— Exercise inputs —
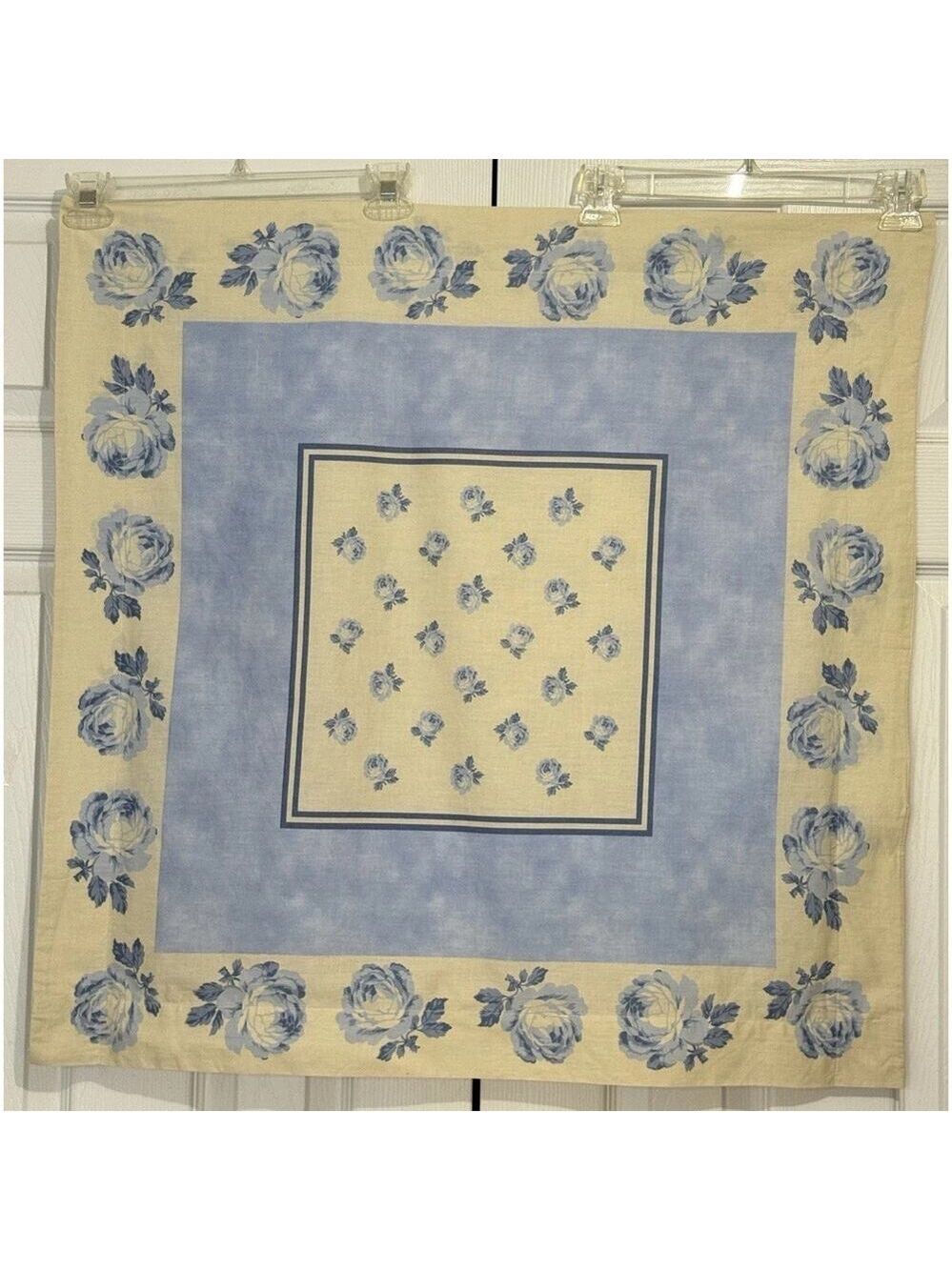 Yves Delorme France Euro Pillow Sham “Louise” Blue Floral Roses 100% Cotton 30”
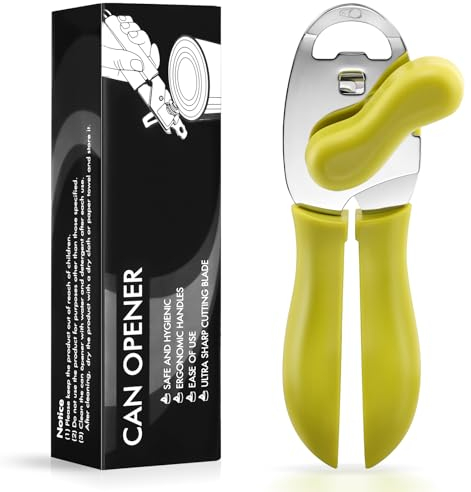 Tin Opener, Lychico 4-in-1 Can Opener Handheld Heavy Duty Stainless Steel Can Openers with Multifunctional Bottle Opener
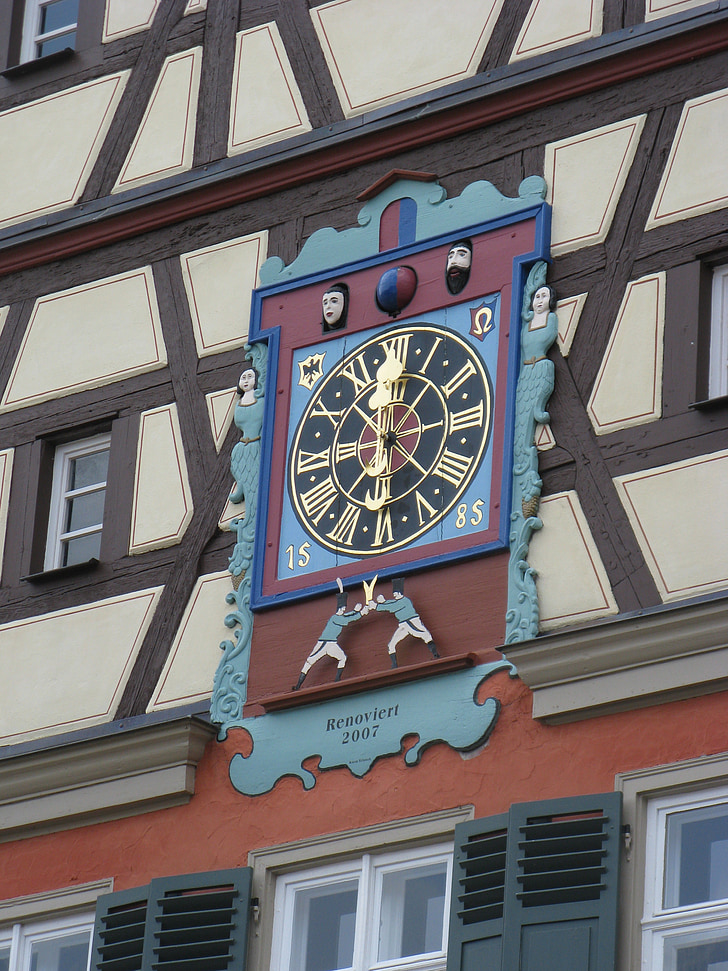 hodiny, starý dom, Ellwangen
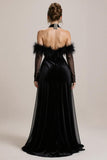 Black Cold Shoulder Velvet Pageant Dress with Slit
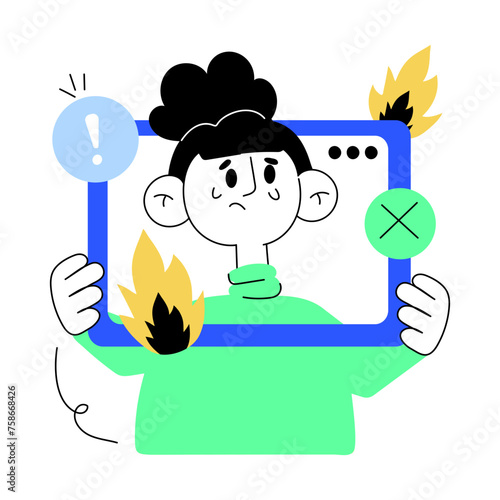 A doodle mini illustration of web destroy 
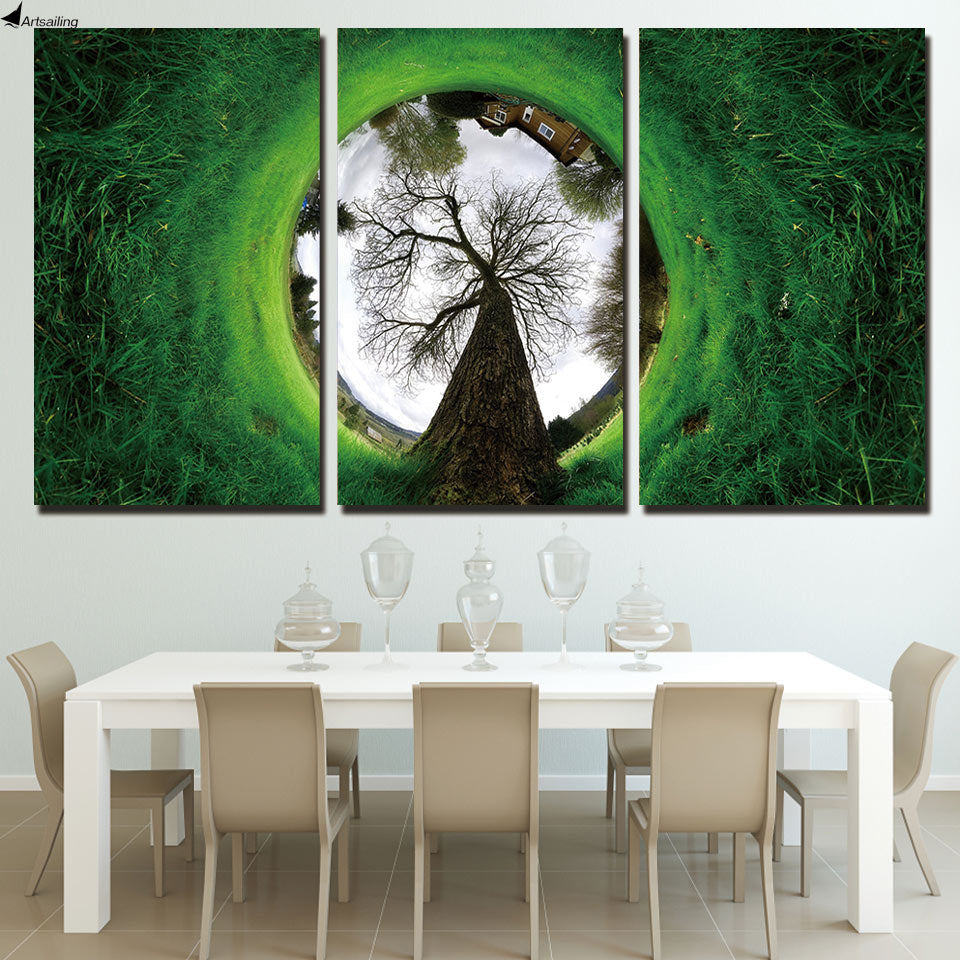 HD printed 3 piece canvas art green grass landscape house abstract Painting wall painting with frame set Free shipping ny-6550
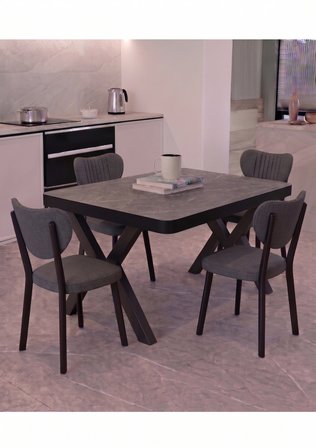  70x110 Sabit Mutfak Yemek Masası Takımı + 4 Adet Elma Sandalye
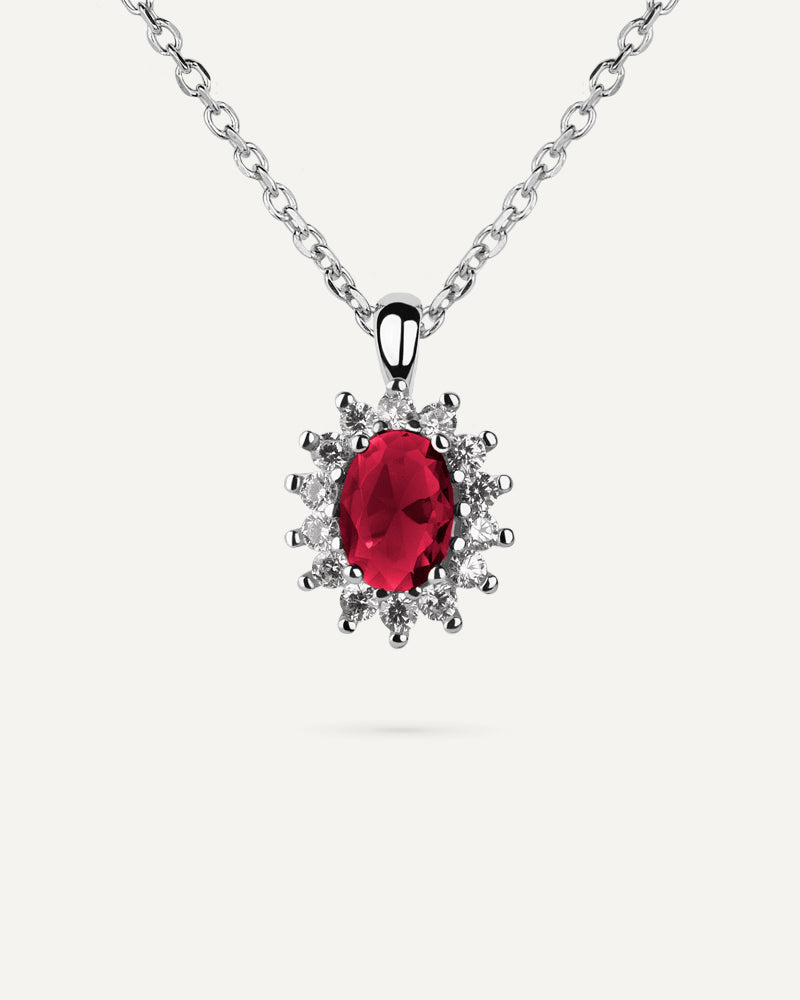 Collar BRILLIANT CUT en plata de ley y circonitas Excellence star cut y piedra roja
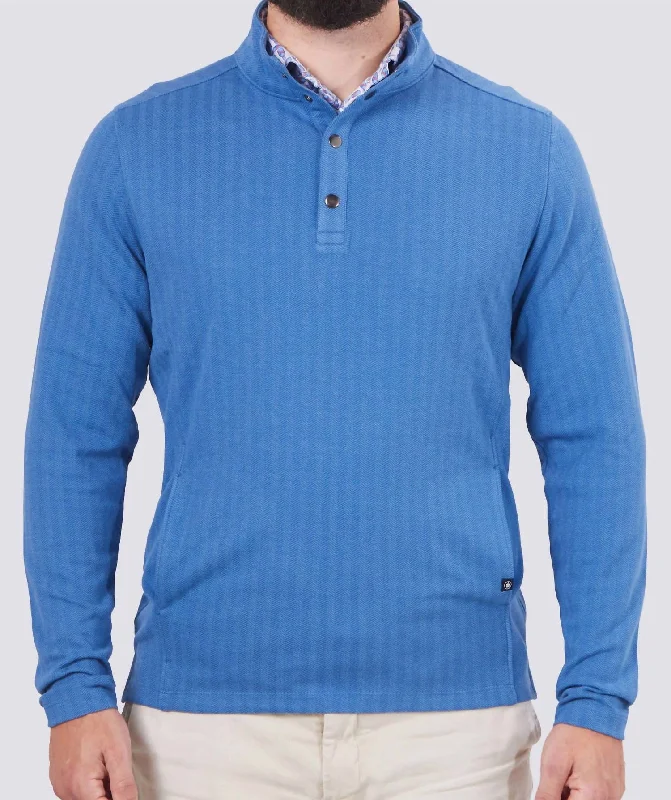Stylish Men's Turtleneck SweatersTroy Herringbone Quarter-Snap Pullover Sweater In Luxe Blue/marine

— What you have to do —
What is needed is an exact repetition of every entry, without the pictures.

— Answer box —
 Yves Delorme France Euro Pillow Sham “Louise” Blue Floral Roses 100% Cotton 30”
 Tin Opener, Lychico 4-in-1 Can Opener Handheld Heavy Duty Stainless Steel Can Openers with Multifunctional Bottle Opener
 hodiny, starý dom, Ellwangen
 Black Cold Shoulder Velvet Pageant Dress with Slit
 A doodle mini illustration of web destroy 
 HD printed 3 piece canvas art green grass landscape house abstract Painting wall painting with frame set Free shipping ny-6550
  70x110 Sabit Mutfak Yemek Masası Takımı + 4 Adet Elma Sandalye
 Collar BRILLIANT CUT en plata de ley y circonitas Excellence star cut y piedra roja
Stylish Men's Turtleneck SweatersTroy Herringbone Quarter-Snap Pullover Sweater In Luxe Blue/marine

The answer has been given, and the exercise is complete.